For instance, if I wanted to send someone BTC using the Lightning Network, it would create an opening transaction on the blockchain. This opening transaction would then permit access to what’s known as “layer 2”. While the Bitcoin blockchain operates as usual, this second layer opens a channel "on top", which can handle a bunch of transactions directly between you and the person you want to pay. Once these are done, you only need to create a closing transaction on the blockchain in order to confirm all of this activity in one batch.
So, while a set of traditional on-chain Bitcoin transactions might look like this:
[Bitcoin transaction 1] Adam sends you 0.1 BTC.
[Bitcoin transaction 2] You send Adam 0.05 BTC.
[Bitcoin transaction 3] Adam sends you 0.05 BTC.
[Bitcoin transaction 4] You send Adam 0.1 BTC.
Off-chain Bitcoin transactions, such as those enabled by the Lightning Network, can instead look like this:
[Bitcoin transaction 1] Opening transaction
Adam sends you 0.1 BTC.
You send Adam 0.05 BTC.
Adam sends you 0.05 BTC.
You send Adam 0.1 BTC.
[Bitcoin transaction 2] Closing transaction
We created four separate transactions on the Bitcoin blockchain in the first example, and had to pay a fee and wait for each individual transaction to be confirmed. Using the Lightning Network protocol on top of Bitcoin, however, we created just two transactions by doing the same thing off-chain. If we apply this example to cases where you might send thousands of transactions, being able to handle most of them on a second layer makes the actual Bitcoin blockchain less congested and thus reduces transaction fees, costs, and energy usage.
The Lightning Network
The Lightning Network is currently the most often discussed layer 2 scaling solution for Proof of Work cryptocurrencies. As we illustrated in the previous section, it allows a group of transactions to be handled off-chain, rather than handling each individual transaction directly on the Bitcoin blockchain.

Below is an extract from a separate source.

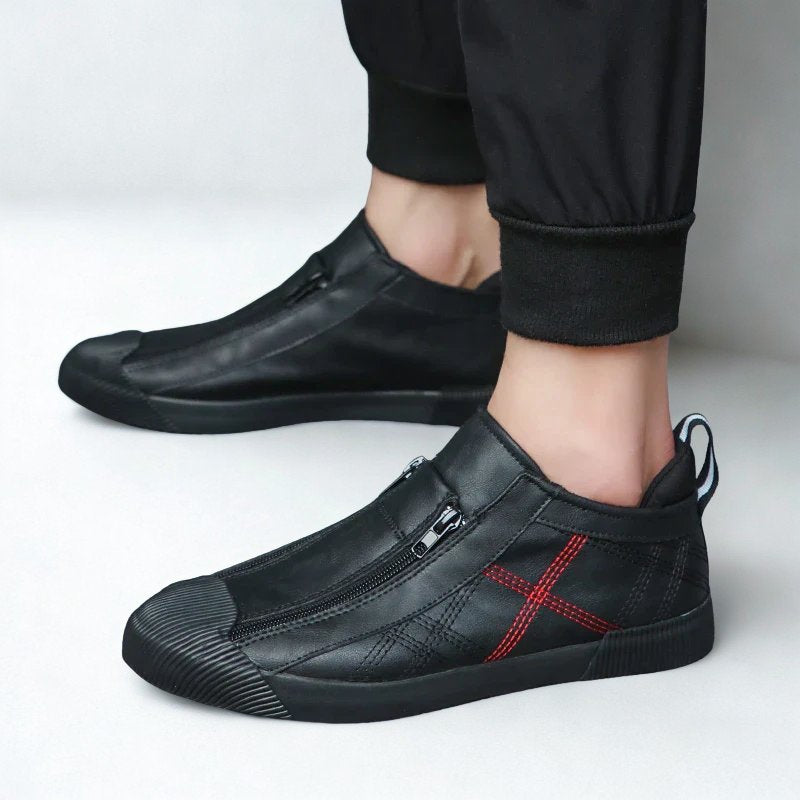 Premium Leather Comfort Trainers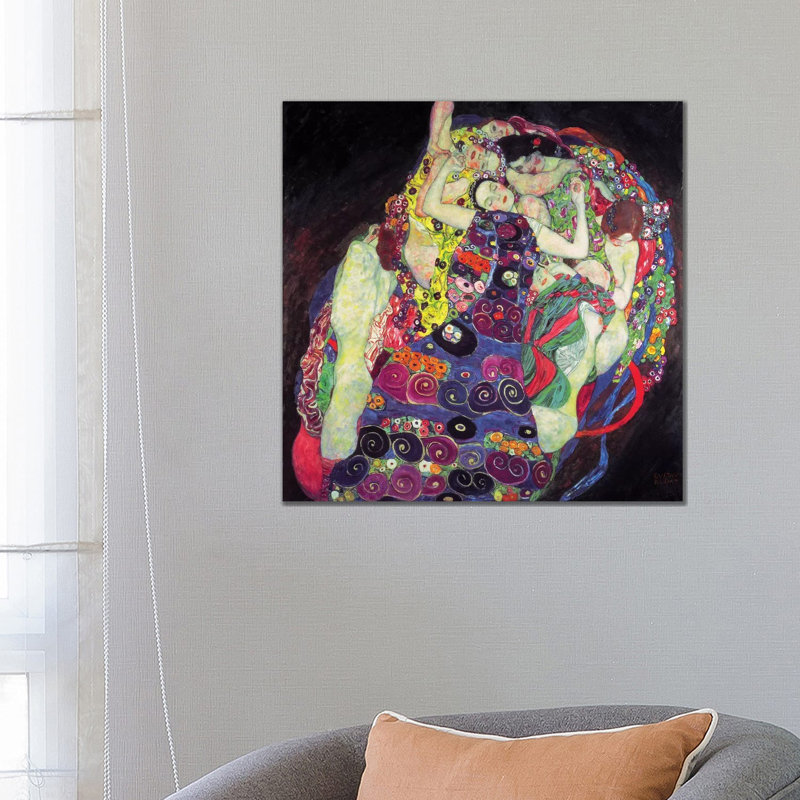 The Virgin, 1913, Square by Gustav Klimt - Wrapped Canvas Painting, 66.04 cm H x 66.04 cm W x 3.175 cm D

While the Lightning Network was first outlined by Joseph Poon and Thaddeus Dryja, it is not the sole product of any individuals or groups. Like Bitcoin itself, many different programmers and companies are currently working on their own ways to work out any remaining kinks in order to enable its widespread adoption. Further, the Lightning Network is not exclusive to Bitcoin and can be used with other Proof of Work digital assets.
This prominent scaling solution is currently in ongoing development, though it's already being employed by some businesses and users around the world. One of the most watched use cases at the moment is occurring in El Salvador, where the country aims to deploy the Lightning Network in order to facilitate everyday Bitcoin spending. Further, as CoinDesk reported, the Lightning Network broke a milestone in August 2021, with 25,000 devices active in the network for the first time.
Importantly, while “layer 2” is often mentioned in the context of the Lightning Network, the terms are not synonymous. Various other protocols, such as the Liquid Network for Bitcoin and Plasma and the OMG Network for Ethereum, also function as layer 2 scaling solutions.
Ultimately, one of the most important lessons to take away from the development of layer 2 solutions such as the Lightning Network is the fact that cryptocurrencies are still relatively new and actively improving. While it is true that Proof of Work digital assets like Bitcoin currently become less appealing for everyday transactions when the network is under heavy use, a decentralized arena of hard working programmers and startups are constantly working to develop solutions that can take crypto to the next level. The Lightning Network is merely one of those exciting developments to watch.